What the task requires: Your answer must be the records below, repeated exactly, with every picture left out.
::: Data supplied :::
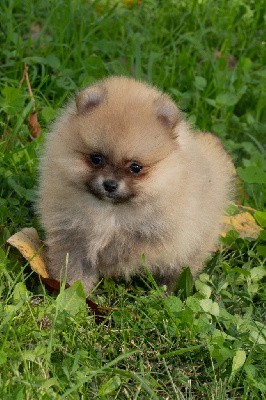 Voici une bien jolie naine dans le genre miniature. Elle est vraiment blonde comme les blés et possède un tempérament très doux, un peu plus calme que celui de ses s?urs. 
Laissez vous tenter!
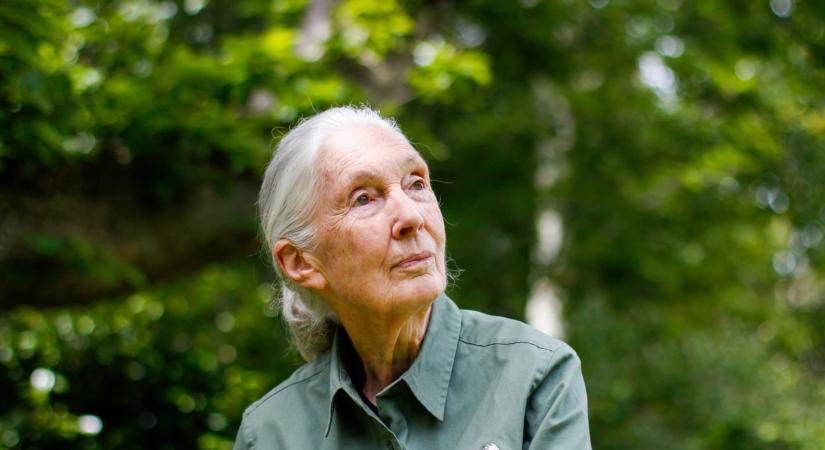 ELHUNYT DAME JANE GOODALL
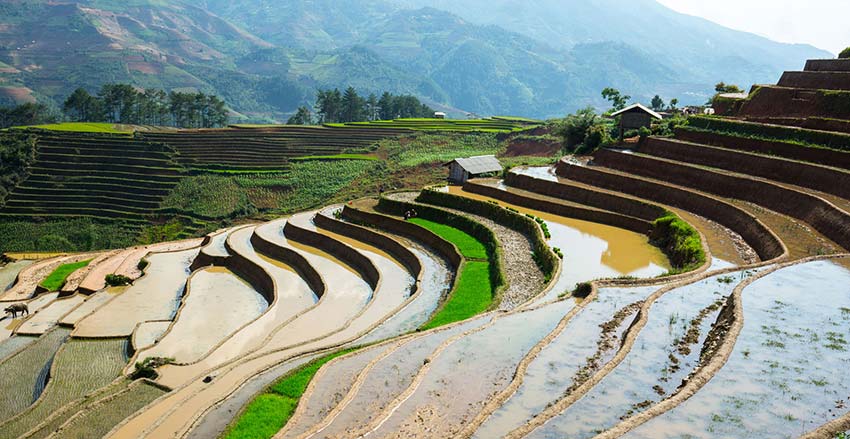 When rice fields sparkle in Vietnam’s northern highlands - Mu Cang Chai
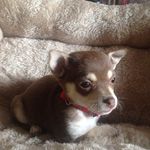ellenbrannon - @ellenbrannon8644 - Instagram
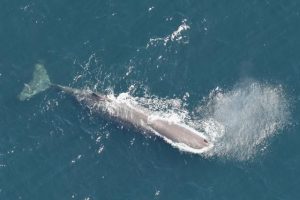 Administration sharks circle Atlantic’s only national marine monument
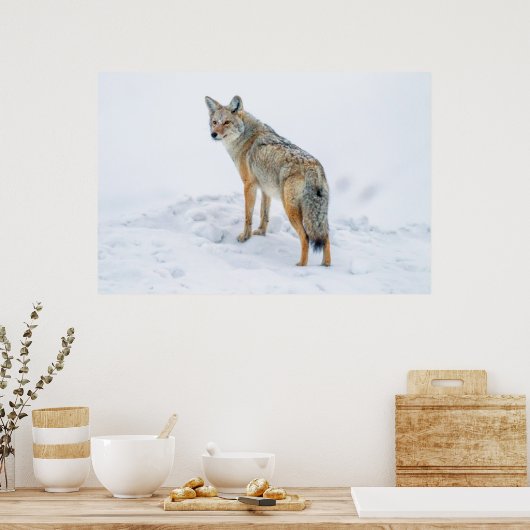 Coyote waarschuwt voor sneeuw poster (Keuken)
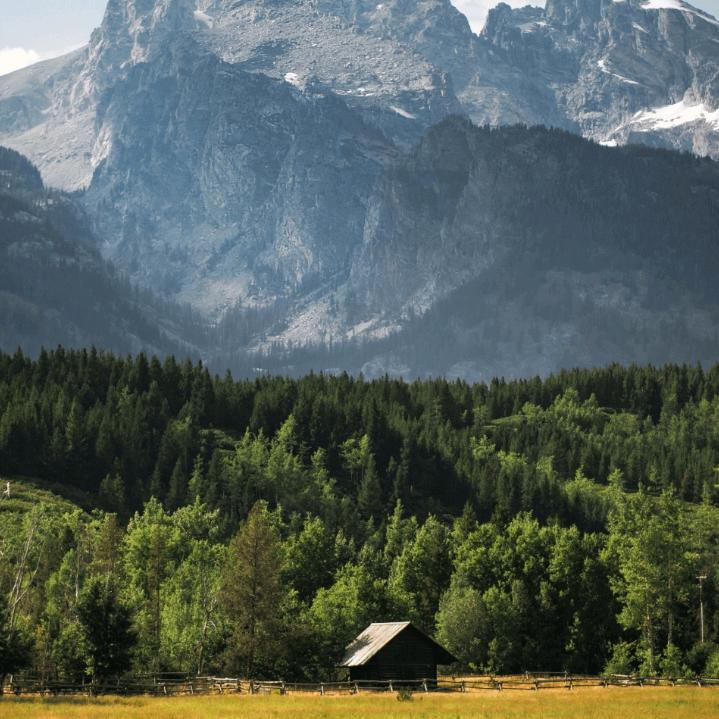 要么不开始，开始一辈子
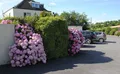 Property image gallery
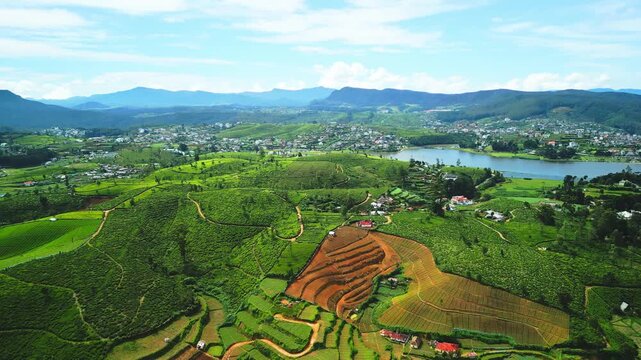 Cinematic Drone View Over Nuwara Eliya s Tea Terraces and Mountain Lake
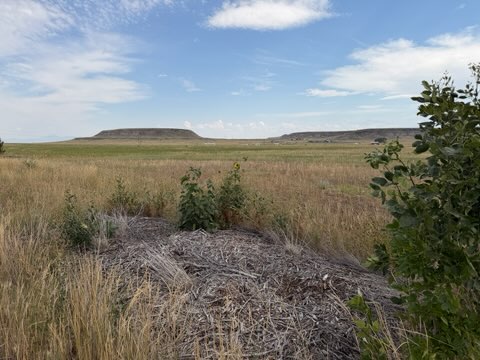 Lot 1, Lot 2, Lot 3 Lake Flat Lane Property Photo 8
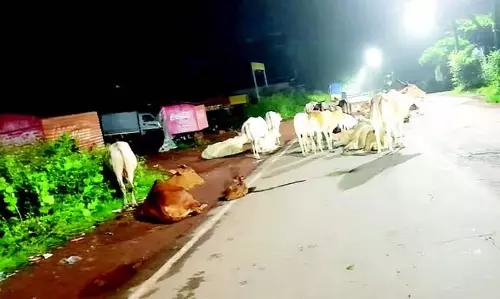 GOA: मापुसा रोड पर आवारा मवेशियों को पकड़ा गया GOA: मापुसा रोड पर आवारा मवेशियों को पकड़ा गया
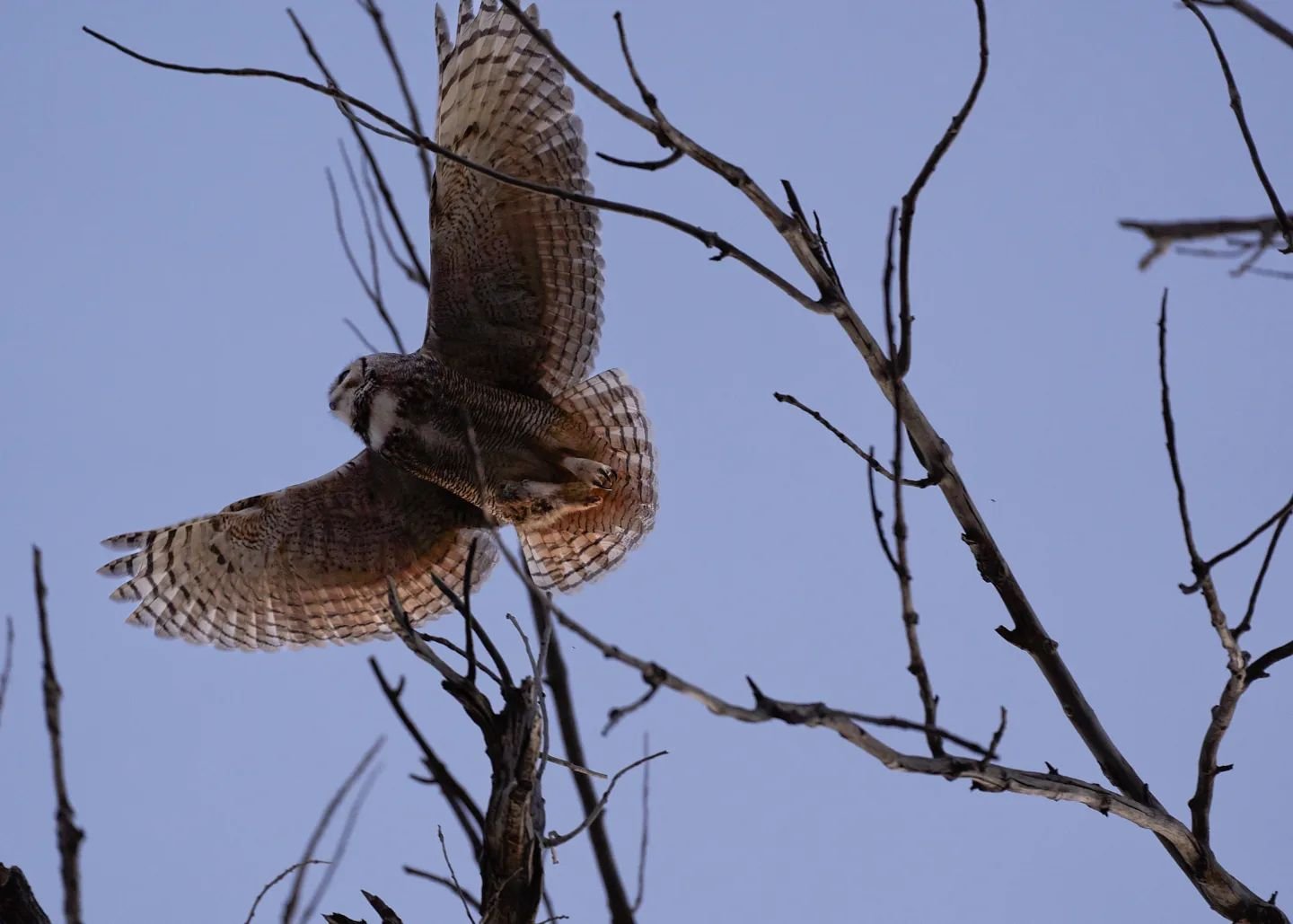 Go back to the same place. Learn the animals you are trying to observe. It will do you a world of difference in your wildlife photography!

This was my forth trip back and the Owl pair were out and about. This time, they didn't just sit in the same t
:::
Reply:
 Voici une bien jolie naine dans le genre miniature. Elle est vraiment blonde comme les blés et possède un tempérament très doux, un peu plus calme que celui de ses s?urs. 
Laissez vous tenter!
 ELHUNYT DAME JANE GOODALL
 When rice fields sparkle in Vietnam’s northern highlands - Mu Cang Chai
ellenbrannon - @ellenbrannon8644 - Instagram
 Administration sharks circle Atlantic’s only national marine monument
 Coyote waarschuwt voor sneeuw poster (Keuken)
 要么不开始，开始一辈子
 Property image gallery
 Cinematic Drone View Over Nuwara Eliya s Tea Terraces and Mountain Lake
 Lot 1, Lot 2, Lot 3 Lake Flat Lane Property Photo 8
 GOA: मापुसा रोड पर आवारा मवेशियों को पकड़ा गया GOA: मापुसा रोड पर आवारा मवेशियों को पकड़ा गया
 Go back to the same place. Learn the animals you are trying to observe. It will do you a world of difference in your wildlife photography!

This was my forth trip back and the Owl pair were out and about. This time, they didn't just sit in the same t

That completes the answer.